# Chaos Marines vs Tau or Eldar



## CE5511 (Apr 16, 2011)

Im at a complete loss. I play various lists that seems to fail to put out the firepower to take on a tau list or eldar. I understand it doesnt come all down to shots down range, but tactics and maneuvering too, but cant outplay them. A pair of wraithknights, missile spam from crisis suits, ignoring cover from a trio of wave serpents. I cant find an answer! I typically play 1000 point games and im tied to no particular unit but still cant seem to find an answer. My only stipulation is a modified FoC (1 HQ 0-1 Elite and Heavy, 2 Fast, 1-3 troops), but at the same time tips with a regular FoC would help others too.

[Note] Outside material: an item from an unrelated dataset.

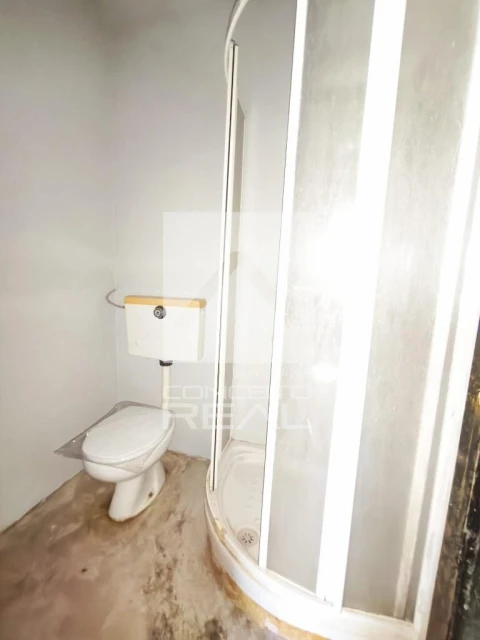 Armazém para Arrendamento em Lordelo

Has anyone out there had luck nailing down a tactic or army that works well here? I wont say we are outclassed but I cant seem to see a way to win.


----------



## Mossy Toes (Jun 8, 2009)

Don't worry, I'm at a loss too, and they're my usual opponents.

Tau, I find, hate large blast templates with lower than AP4 and range longer than 30". Clear out Fire Warriors excellently. So Soul Grinders, Vindis, etc. If the enemy has an ADL to hide their fire warriors behind, bam, they're lined up for a Heldrake's Baleflamer. Blastmasters are also a thing. A very nice thing... especially for IDing Crisis suits and outranging Fire Warriors.

Against Eldar, you have to remove the highest threat units and fast. Blastmaster those Dark Reapers in a ruin and laugh at their cover and armor. When you get the first turn, have your Forgefiend with (allied daemon) Prescience and Daemonforge glance a Wave Serpent to death on its own (before the Wave Serpent can get that jink save). Kill those War Walkers as your first target priority, since they're fragile as hell but can also throw out a shitload of firepower. Possibly hold back Heldrkes until their Crimson Hunter Exarch is on the table, giving you the chance to take it out before it Vector Dancers into your Drake's rear armor and explodes it with ease. Oh yeah, and then there are Wraithknights--honestly, I've found nasty Monstrous Creatures to be the best way to take them down. And allied Lord of Change or Bloodthirster is good, though even a Daemon Prince with the Black Mace can finish off a wounded Wraithknight by himself (as long as he kills it in one turn, because otherwise you have a good deal of S10 attacks moving in on you like a freight train).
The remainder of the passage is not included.